- **What the exercise asks**:
Straight copy, no pictures: transcribe each entry as it stands.

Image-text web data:

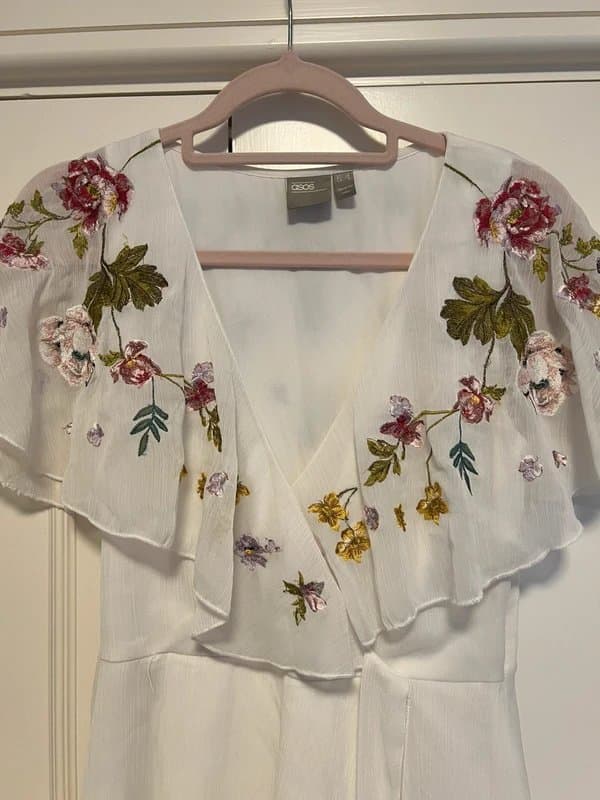 ASOS White floaty floral embroidered ruffle midi dress size 8 Asos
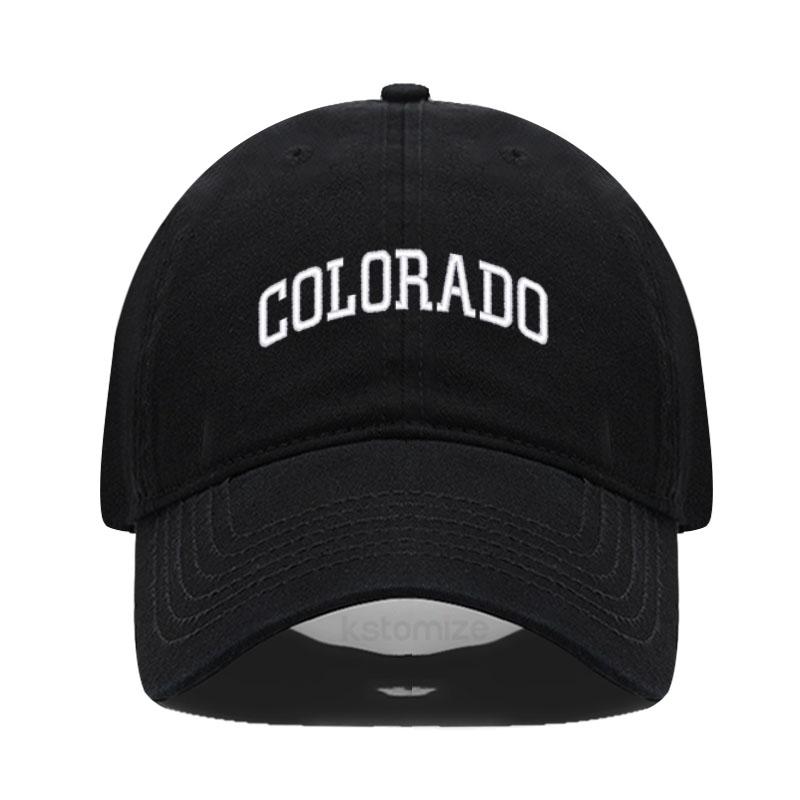 Унисекс Мягкая Хлопковая Папа-кепка Буква COLORADO Вышивка Бейсболка Для Женщин Мужчин Регулируемая Унисекс Повседневная Спортивная Кепка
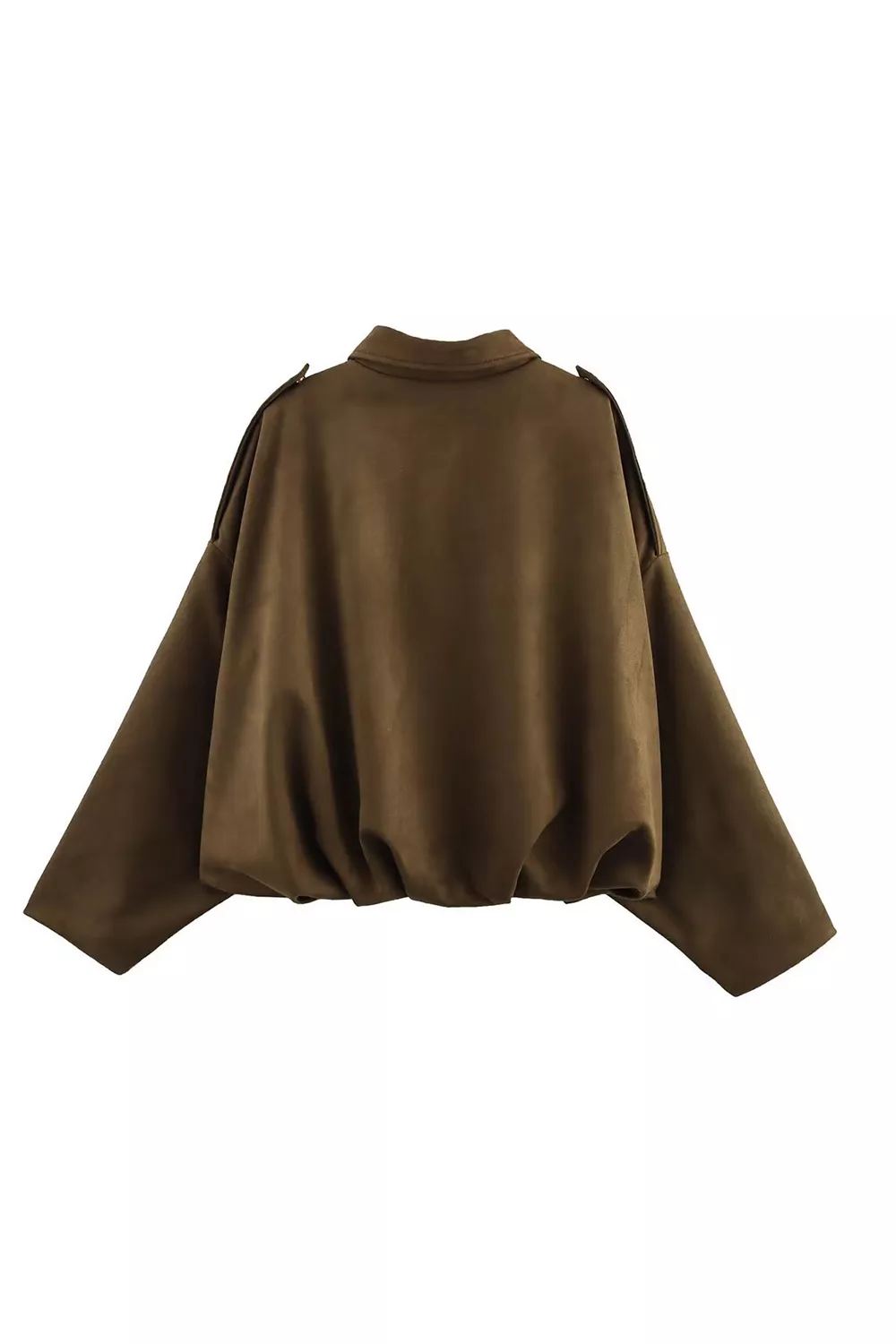 Collared Neck Dropped Shoulder Jacket, image 27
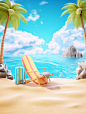 Beach, beach, surfboard, deck chair, coconut tree, camera, suitcase, swimming ring, ocean, mountain, blue sky and white clouds, summer theme, 3D modeling, CG rendering, 8K, masterpiece,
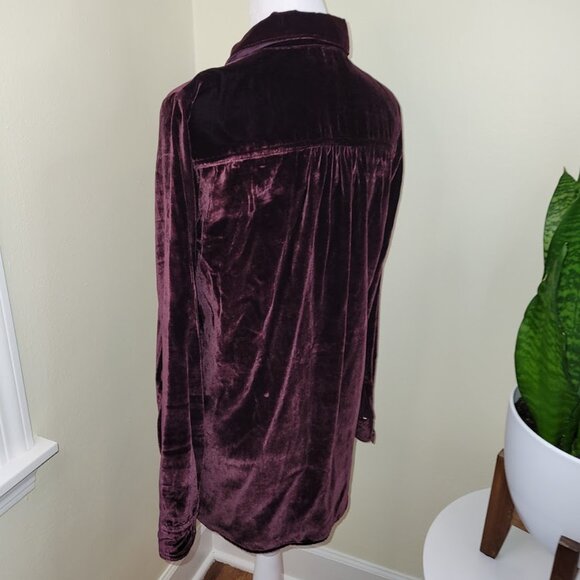 Maeve by Anthropologie Katrina Burgundy Blouse Velvet Button Up Top Women's SZ 2 - Picture 6 of 14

- **Task output**:
 ASOS White floaty floral embroidered ruffle midi dress size 8 Asos
 Унисекс Мягкая Хлопковая Папа-кепка Буква COLORADO Вышивка Бейсболка Для Женщин Мужчин Регулируемая Унисекс Повседневная Спортивная Кепка
 Collared Neck Dropped Shoulder Jacket, image 27
 Beach, beach, surfboard, deck chair, coconut tree, camera, suitcase, swimming ring, ocean, mountain, blue sky and white clouds, summer theme, 3D modeling, CG rendering, 8K, masterpiece,
 Maeve by Anthropologie Katrina Burgundy Blouse Velvet Button Up Top Women's SZ 2 - Picture 6 of 14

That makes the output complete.